ABOUT THIS TASK
Beginning with the line where "Photo 39 of" appears, retype every remaining line of the data below, both the first and last included.

(Collection entries)
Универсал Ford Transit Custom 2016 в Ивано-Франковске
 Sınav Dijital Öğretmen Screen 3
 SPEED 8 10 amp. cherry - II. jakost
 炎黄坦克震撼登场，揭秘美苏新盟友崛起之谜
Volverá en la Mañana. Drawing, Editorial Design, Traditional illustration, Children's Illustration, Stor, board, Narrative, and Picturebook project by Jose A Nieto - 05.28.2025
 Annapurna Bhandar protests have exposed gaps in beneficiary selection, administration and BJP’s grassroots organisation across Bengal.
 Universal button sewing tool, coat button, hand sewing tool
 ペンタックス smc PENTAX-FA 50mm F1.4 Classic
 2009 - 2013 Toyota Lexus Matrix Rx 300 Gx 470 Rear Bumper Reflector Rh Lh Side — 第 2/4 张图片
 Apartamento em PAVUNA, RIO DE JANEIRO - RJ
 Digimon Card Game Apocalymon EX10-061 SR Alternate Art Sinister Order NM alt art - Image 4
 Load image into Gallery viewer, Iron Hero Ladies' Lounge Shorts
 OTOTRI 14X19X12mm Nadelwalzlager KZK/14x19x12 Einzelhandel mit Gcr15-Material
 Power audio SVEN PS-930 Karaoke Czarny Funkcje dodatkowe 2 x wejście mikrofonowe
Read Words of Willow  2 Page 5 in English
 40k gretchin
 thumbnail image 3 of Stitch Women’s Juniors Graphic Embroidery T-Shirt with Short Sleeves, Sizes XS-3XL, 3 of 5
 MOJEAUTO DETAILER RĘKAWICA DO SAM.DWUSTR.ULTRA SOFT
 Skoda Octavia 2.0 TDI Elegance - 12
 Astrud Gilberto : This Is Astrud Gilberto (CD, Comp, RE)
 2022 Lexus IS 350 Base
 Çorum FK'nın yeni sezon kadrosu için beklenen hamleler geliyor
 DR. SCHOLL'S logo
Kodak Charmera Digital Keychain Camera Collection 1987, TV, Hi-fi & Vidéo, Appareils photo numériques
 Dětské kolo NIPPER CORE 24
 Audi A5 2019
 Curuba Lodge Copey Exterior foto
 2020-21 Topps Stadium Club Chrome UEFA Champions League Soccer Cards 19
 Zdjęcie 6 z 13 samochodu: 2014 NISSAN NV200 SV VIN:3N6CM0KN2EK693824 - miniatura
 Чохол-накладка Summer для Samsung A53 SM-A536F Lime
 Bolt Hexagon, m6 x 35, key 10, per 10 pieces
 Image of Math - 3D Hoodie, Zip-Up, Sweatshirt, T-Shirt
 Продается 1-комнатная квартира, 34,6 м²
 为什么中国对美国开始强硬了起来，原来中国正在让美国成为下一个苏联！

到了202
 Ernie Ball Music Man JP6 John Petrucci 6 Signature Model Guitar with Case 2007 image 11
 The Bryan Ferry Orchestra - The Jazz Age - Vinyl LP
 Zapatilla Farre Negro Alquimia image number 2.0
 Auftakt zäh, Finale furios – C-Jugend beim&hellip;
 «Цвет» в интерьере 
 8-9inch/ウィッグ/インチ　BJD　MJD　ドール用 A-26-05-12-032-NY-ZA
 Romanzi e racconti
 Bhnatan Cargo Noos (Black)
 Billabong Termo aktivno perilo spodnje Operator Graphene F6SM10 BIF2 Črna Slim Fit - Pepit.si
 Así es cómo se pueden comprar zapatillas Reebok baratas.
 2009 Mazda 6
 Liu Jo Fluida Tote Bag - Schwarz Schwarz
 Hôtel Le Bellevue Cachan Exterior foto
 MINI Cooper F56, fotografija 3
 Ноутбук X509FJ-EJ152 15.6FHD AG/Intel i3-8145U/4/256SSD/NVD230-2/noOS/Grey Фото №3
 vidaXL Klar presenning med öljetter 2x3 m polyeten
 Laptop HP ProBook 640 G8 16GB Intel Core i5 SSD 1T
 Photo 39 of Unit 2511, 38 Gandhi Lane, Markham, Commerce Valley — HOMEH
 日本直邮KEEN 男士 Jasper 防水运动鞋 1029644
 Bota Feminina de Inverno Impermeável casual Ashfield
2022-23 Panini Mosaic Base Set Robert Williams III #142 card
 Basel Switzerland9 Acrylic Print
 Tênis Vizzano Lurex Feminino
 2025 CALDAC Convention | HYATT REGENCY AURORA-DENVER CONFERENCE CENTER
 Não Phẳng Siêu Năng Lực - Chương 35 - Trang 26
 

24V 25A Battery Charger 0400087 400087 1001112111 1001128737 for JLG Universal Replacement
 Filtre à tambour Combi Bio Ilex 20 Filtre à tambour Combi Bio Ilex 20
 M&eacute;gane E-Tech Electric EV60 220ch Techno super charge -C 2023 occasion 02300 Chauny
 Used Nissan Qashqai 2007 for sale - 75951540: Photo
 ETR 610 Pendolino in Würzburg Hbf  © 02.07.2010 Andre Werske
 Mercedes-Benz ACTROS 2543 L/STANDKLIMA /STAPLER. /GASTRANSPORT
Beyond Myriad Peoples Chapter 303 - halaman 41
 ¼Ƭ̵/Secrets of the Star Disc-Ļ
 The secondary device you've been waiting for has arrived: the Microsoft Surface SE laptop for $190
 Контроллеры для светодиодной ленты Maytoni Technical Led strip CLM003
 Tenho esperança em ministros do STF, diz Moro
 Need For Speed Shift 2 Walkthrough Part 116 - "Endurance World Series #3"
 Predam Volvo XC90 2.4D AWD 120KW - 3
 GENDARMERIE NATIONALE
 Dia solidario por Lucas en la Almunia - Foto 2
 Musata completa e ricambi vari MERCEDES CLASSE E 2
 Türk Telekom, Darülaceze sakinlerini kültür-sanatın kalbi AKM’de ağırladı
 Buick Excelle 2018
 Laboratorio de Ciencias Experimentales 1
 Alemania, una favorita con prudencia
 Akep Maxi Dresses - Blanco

WRITTEN RESPONSE
 Photo 39 of Unit 2511, 38 Gandhi Lane, Markham, Commerce Valley — HOMEH
 日本直邮KEEN 男士 Jasper 防水运动鞋 1029644
 Bota Feminina de Inverno Impermeável casual Ashfield
2022-23 Panini Mosaic Base Set Robert Williams III #142 card
 Basel Switzerland9 Acrylic Print
 Tênis Vizzano Lurex Feminino
 2025 CALDAC Convention | HYATT REGENCY AURORA-DENVER CONFERENCE CENTER
 Não Phẳng Siêu Năng Lực - Chương 35 - Trang 26
 

24V 25A Battery Charger 0400087 400087 1001112111 1001128737 for JLG Universal Replacement
 Filtre à tambour Combi Bio Ilex 20 Filtre à tambour Combi Bio Ilex 20
 M&eacute;gane E-Tech Electric EV60 220ch Techno super charge -C 2023 occasion 02300 Chauny
 Used Nissan Qashqai 2007 for sale - 75951540: Photo
 ETR 610 Pendolino in Würzburg Hbf  © 02.07.2010 Andre Werske
 Mercedes-Benz ACTROS 2543 L/STANDKLIMA /STAPLER. /GASTRANSPORT
Beyond Myriad Peoples Chapter 303 - halaman 41
 ¼Ƭ̵/Secrets of the Star Disc-Ļ
 The secondary device you've been waiting for has arrived: the Microsoft Surface SE laptop for $190
 Контроллеры для светодиодной ленты Maytoni Technical Led strip CLM003
 Tenho esperança em ministros do STF, diz Moro
 Need For Speed Shift 2 Walkthrough Part 116 - "Endurance World Series #3"
 Predam Volvo XC90 2.4D AWD 120KW - 3
 GENDARMERIE NATIONALE
 Dia solidario por Lucas en la Almunia - Foto 2
 Musata completa e ricambi vari MERCEDES CLASSE E 2
 Türk Telekom, Darülaceze sakinlerini kültür-sanatın kalbi AKM’de ağırladı
 Buick Excelle 2018
 Laboratorio de Ciencias Experimentales 1
 Alemania, una favorita con prudencia
 Akep Maxi Dresses - Blanco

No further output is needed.